This study examined how 130 future teachers perceived and approached waste issues when framed through two socio-environmental contexts: international waste export and microplastic pollution in nature. Both contexts fostered systemic thinking, but each shaped distinct attributions of responsibility and different pedagogical approaches, highlighting the importance of context in environmental education design.

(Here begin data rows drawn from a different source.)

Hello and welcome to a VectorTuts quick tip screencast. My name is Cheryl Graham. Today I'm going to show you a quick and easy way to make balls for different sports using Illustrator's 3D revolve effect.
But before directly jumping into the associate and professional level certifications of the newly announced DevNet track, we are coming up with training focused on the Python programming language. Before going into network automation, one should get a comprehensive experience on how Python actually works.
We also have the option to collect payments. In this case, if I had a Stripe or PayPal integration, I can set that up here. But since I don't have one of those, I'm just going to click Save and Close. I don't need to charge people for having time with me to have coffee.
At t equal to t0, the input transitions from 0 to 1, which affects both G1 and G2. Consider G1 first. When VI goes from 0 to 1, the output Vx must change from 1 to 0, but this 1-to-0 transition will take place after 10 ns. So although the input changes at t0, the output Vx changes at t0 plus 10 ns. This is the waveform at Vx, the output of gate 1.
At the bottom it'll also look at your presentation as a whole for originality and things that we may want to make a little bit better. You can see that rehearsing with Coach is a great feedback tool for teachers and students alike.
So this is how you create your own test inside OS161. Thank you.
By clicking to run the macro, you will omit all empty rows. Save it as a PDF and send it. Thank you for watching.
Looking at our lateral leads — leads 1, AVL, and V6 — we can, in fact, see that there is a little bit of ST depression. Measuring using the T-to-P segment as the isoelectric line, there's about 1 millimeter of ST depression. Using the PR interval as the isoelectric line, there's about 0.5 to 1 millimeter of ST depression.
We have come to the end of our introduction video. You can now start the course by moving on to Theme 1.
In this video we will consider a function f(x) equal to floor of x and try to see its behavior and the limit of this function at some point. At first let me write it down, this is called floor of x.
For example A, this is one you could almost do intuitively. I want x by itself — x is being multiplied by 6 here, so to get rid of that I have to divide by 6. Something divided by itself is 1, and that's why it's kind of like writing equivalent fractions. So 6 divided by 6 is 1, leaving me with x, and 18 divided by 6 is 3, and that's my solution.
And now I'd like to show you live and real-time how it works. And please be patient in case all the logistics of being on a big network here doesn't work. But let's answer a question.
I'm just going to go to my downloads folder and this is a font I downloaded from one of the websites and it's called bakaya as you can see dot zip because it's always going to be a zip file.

This study explores how 130 future teachers (FTs) perceive and address massive waste generation when it is framed through two socio-environmental contexts: waste export from affluent to vulnerable countries and microplastic pollution in natural environments. Using a mixed-methods design, we examine how each context shapes problem perception, attribution of responsibility, and proposed teaching activities. Both contexts foster a systemic understanding of waste issues. Economic drivers are identified as the main cause (means = 3.2/4), while institutional factors are downplayed in the export scenario and individual factors in the microplastics scenario. Proposed solutions center on institutional and economic measures. Ecological impacts are prioritized in both contexts; however, the export case elicits broader multi-sphere interpretations, whereas microplastics are viewed primarily as ecological–sanitary risks. Perceived responsibility is moderate (mean = 2.6/4) in both contexts, though waste export is interpreted more individually and microplastics more collectively. A disengaged profile predominates, particularly for microplastics (76.92%), with most FTs showing limited intention to change personal habits. In terms of didactic design, only 20% of activities in the export context and 50% in the microplastics context are action-oriented. Findings highlight the importance of carefully selected socio-environmental contexts in teacher education to promote systemic reasoning, shared responsibility, and action-oriented learning.